(Stored items from a collection)
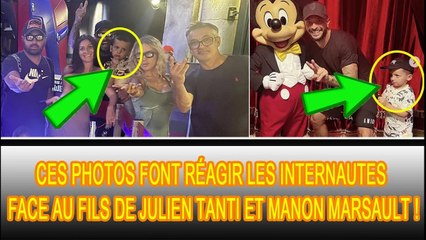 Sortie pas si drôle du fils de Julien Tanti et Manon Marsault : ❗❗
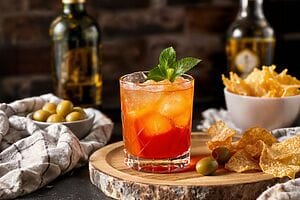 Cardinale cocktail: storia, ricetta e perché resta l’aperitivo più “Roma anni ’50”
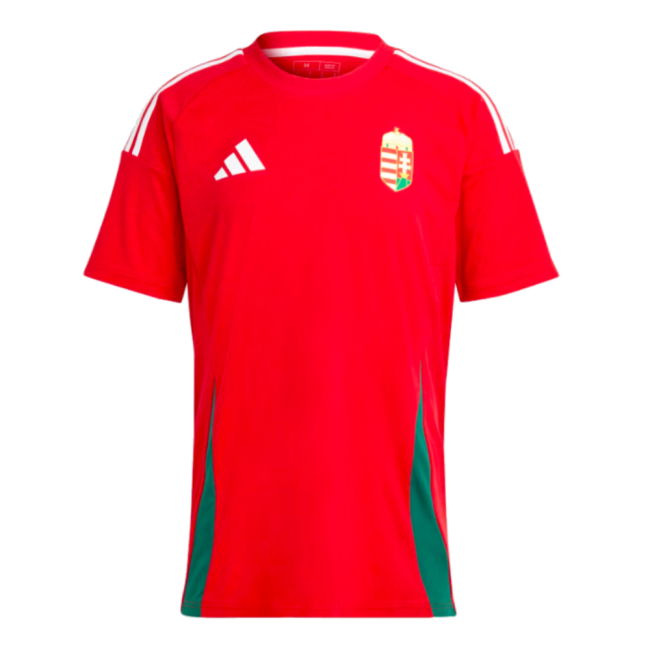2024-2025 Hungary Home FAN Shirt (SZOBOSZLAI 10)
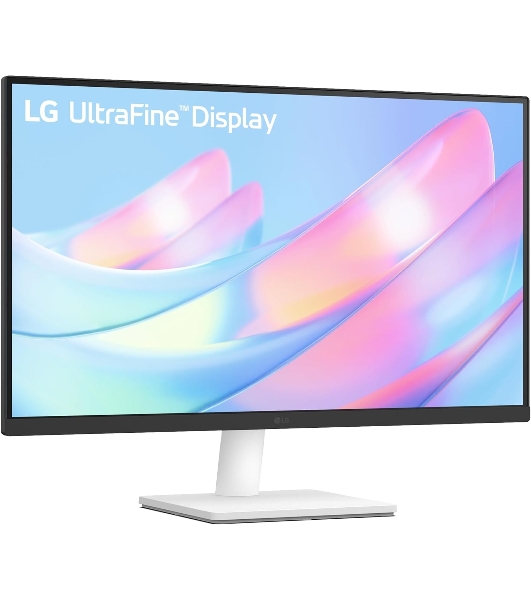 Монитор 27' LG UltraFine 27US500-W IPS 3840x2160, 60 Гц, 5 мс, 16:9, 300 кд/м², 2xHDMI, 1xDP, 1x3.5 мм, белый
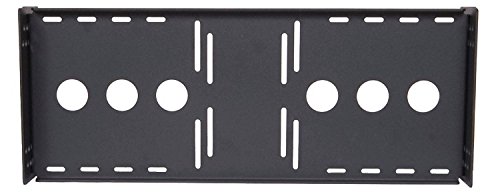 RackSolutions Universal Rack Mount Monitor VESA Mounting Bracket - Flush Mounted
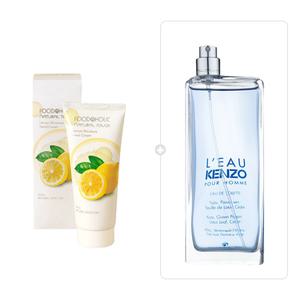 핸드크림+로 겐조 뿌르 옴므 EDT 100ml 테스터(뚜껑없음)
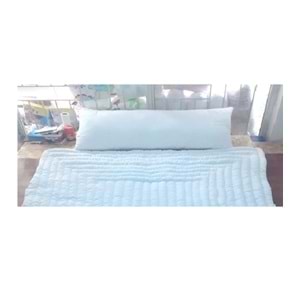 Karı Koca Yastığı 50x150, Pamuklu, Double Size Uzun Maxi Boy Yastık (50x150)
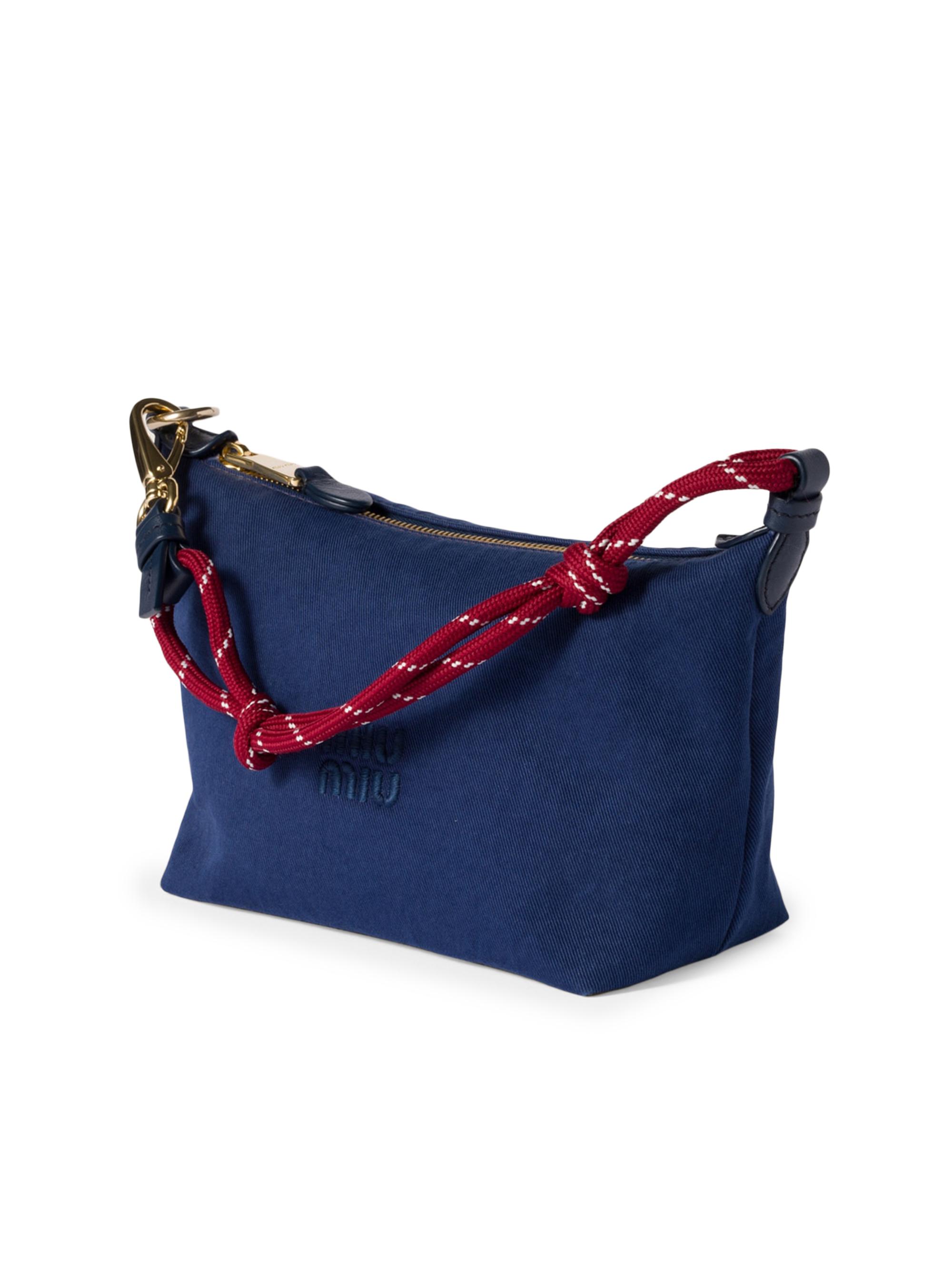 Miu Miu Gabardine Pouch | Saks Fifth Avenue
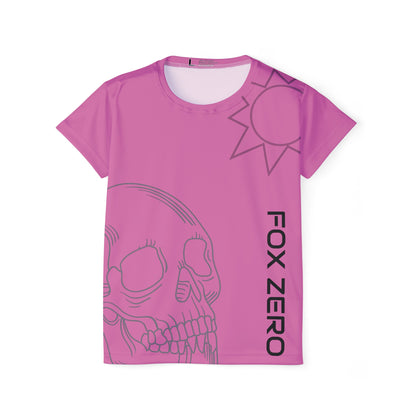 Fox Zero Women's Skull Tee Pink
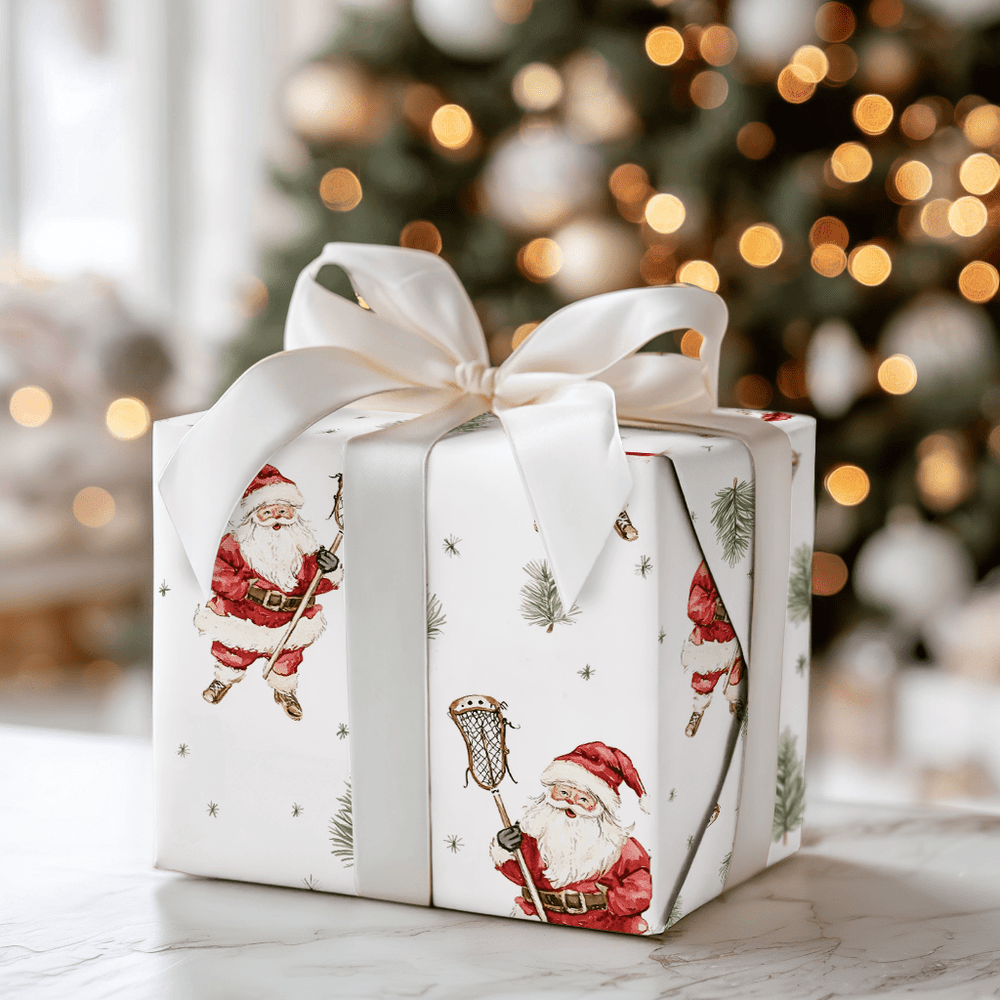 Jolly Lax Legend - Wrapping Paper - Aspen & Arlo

> **Work item**
Each line from the one that holds "핸드크림+로 겐조 뿌르 옴므 EDT 100ml 테스터(뚜껑없음)" through the final line of the data must be retyped exactly; the pictures must not appear.

> **The completed task**
 핸드크림+로 겐조 뿌르 옴므 EDT 100ml 테스터(뚜껑없음)
 Karı Koca Yastığı 50x150, Pamuklu, Double Size Uzun Maxi Boy Yastık (50x150)
 Miu Miu Gabardine Pouch | Saks Fifth Avenue
 Fox Zero Women's Skull Tee Pink
 Jolly Lax Legend - Wrapping Paper - Aspen & Arlo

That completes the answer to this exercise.